(What to work on):
Pictures are to be omitted. Output only the lines from the one containing "Mobilhome 6 personnes" through the end of the data, word for word.
═══ Supplied records
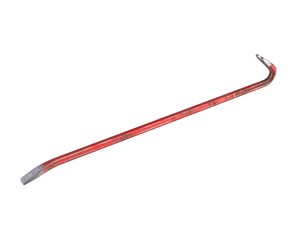 3D render of old red crowbar isolated on white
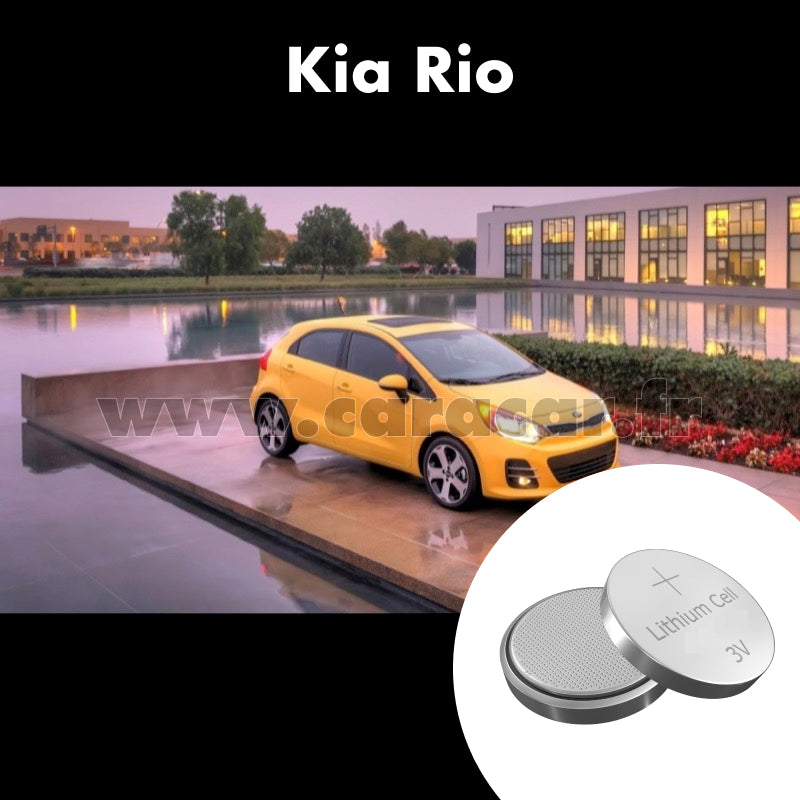 Pile clé Kia Rio 3 generation [restyling] (2015/2017). Pile de remplacement pour clé de voiture. Batterie de clé de voiture. 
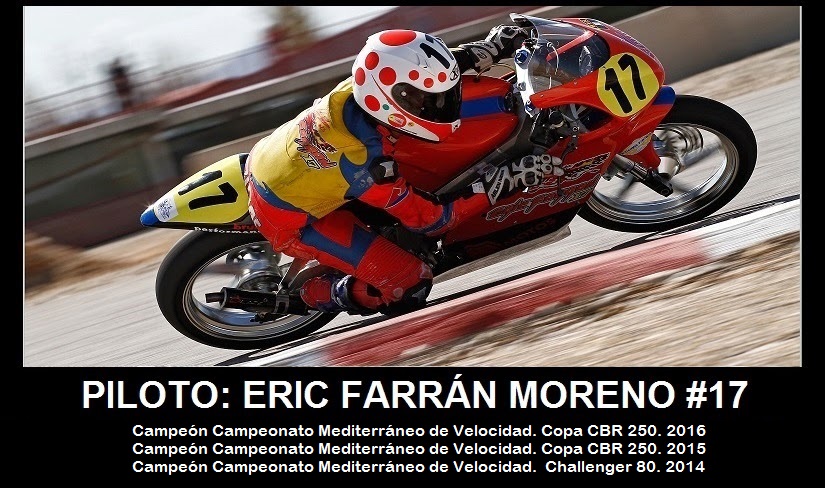 Eric Farrán Moreno. Piloto. #17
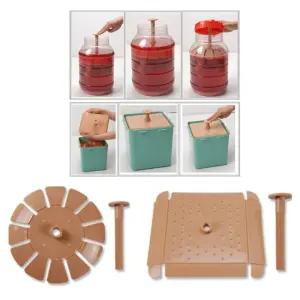 (황토)각종청 담금주 필수품 누루미(원형 사각)루 루용기 그기 용기 밀폐 장아찌 액기스 담금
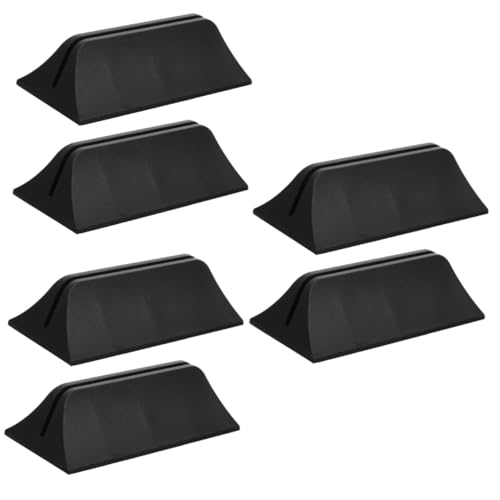 HOODANCOS 3 Sätze Desktop Mobile Clip Schreibtisch Schallwand Clip Sichtschutz-Clip Clips Klemmen Für Schreibtischteiler Trennwandklammern Für Den Schreibtisch Plastik Schwarz 2 Stücke * 3 von HOODANCOS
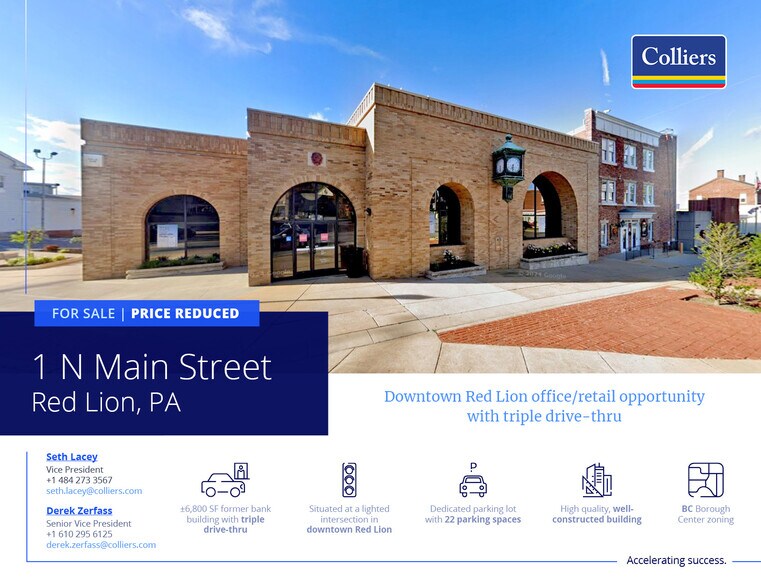 Primary Photo Of 1 N Main St, Red Lion Bank For Sale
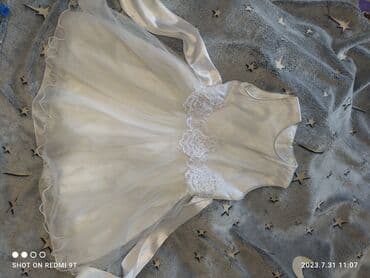 платье дордой: Детское платье, цвет - Розовый, Б/у — 4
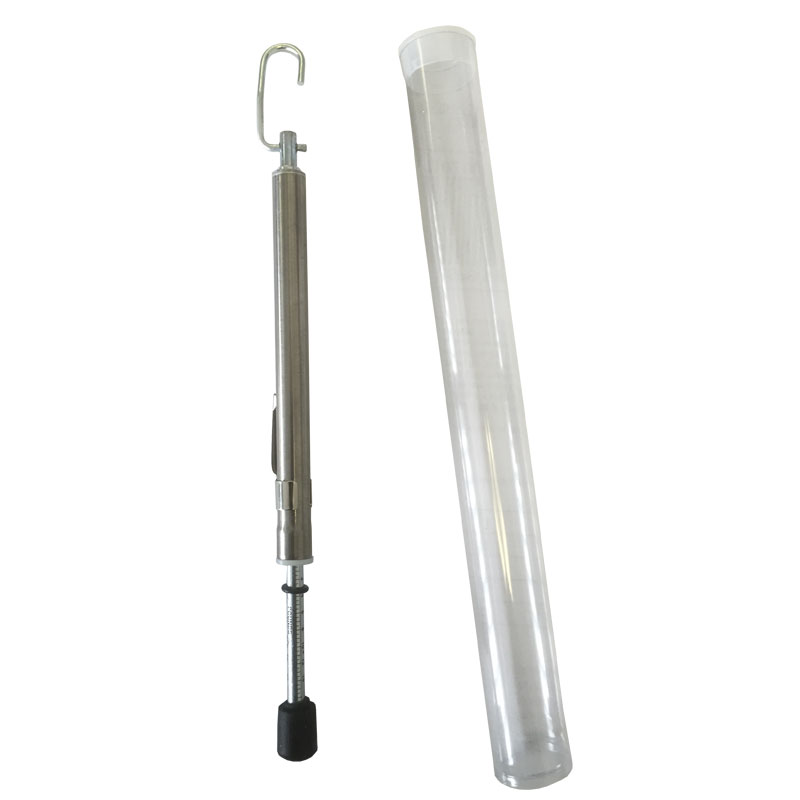 Door Pressure Gauge Push-Pull, 0-35 Lbs with Plastic Protective Tube | DPG35PPT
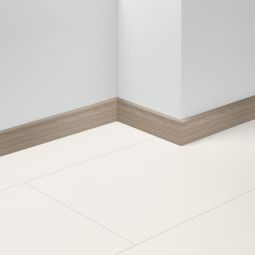 Parador Dekor-Sockelleiste Eiche D039 SL 2/3/4/18 hellgrau Fußleisten Länge 2200 mm, verschiedene Formen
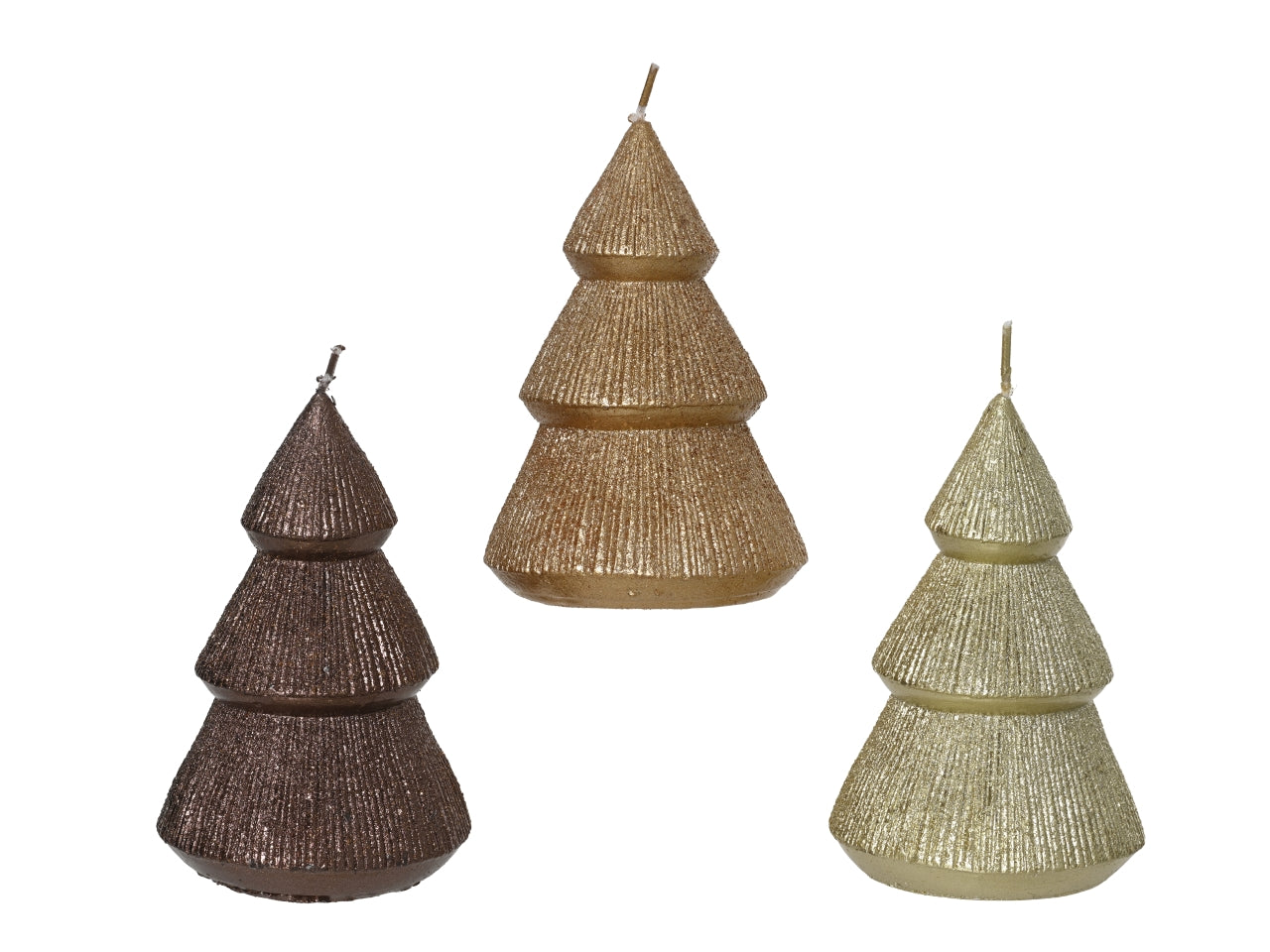 Candela albero 14cm colori assortiti
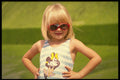 716005 Little Girl, Akimbo, Blackpool, England A4 Photo Print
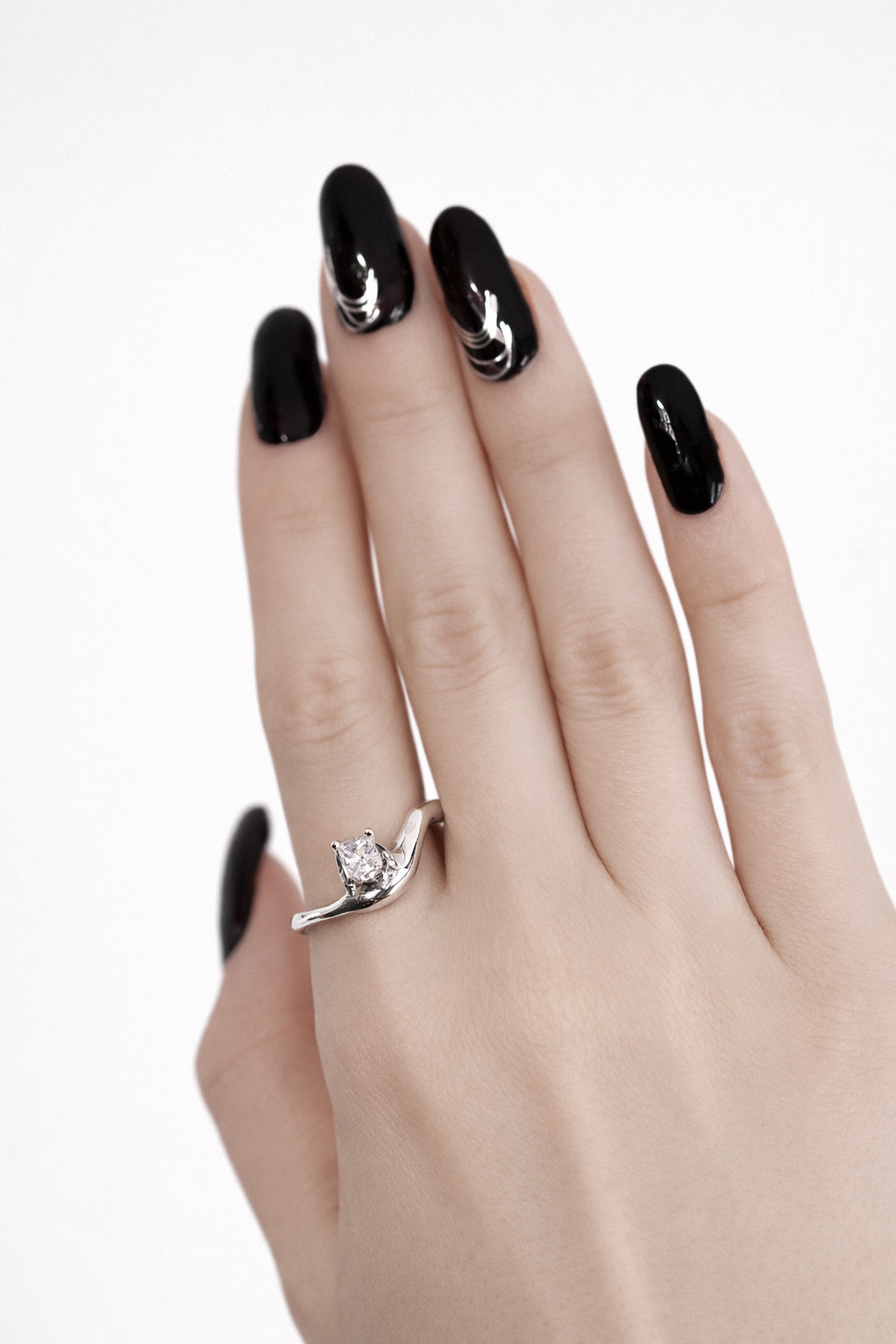 Uplift | Size 8 | Silver Ring with White CZ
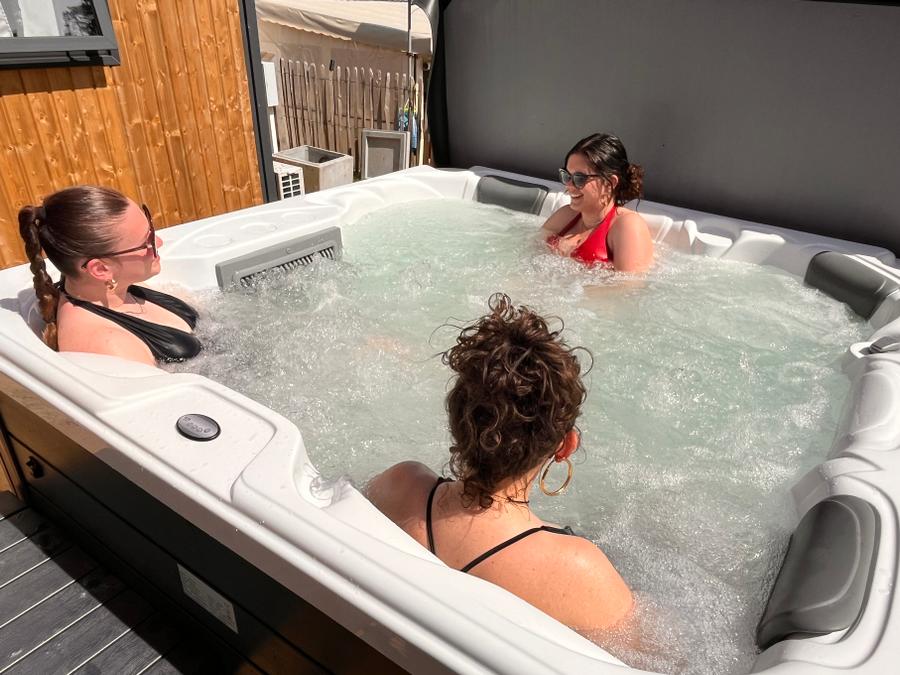 Mobilhome 6 personnes - Mobil home Privilège 3 37m² 2 salles de bain avec Spa 7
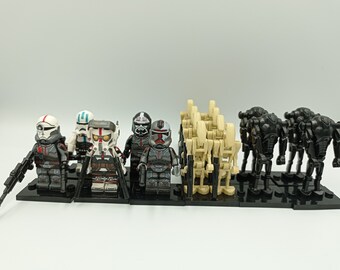 17 x Custom Star Wars Minifigures, compatible with the market leader, Bad Batch, 17 pieces in total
══════
(Task answer):
 Mobilhome 6 personnes - Mobil home Privilège 3 37m² 2 salles de bain avec Spa 7
 17 x Custom Star Wars Minifigures, compatible with the market leader, Bad Batch, 17 pieces in total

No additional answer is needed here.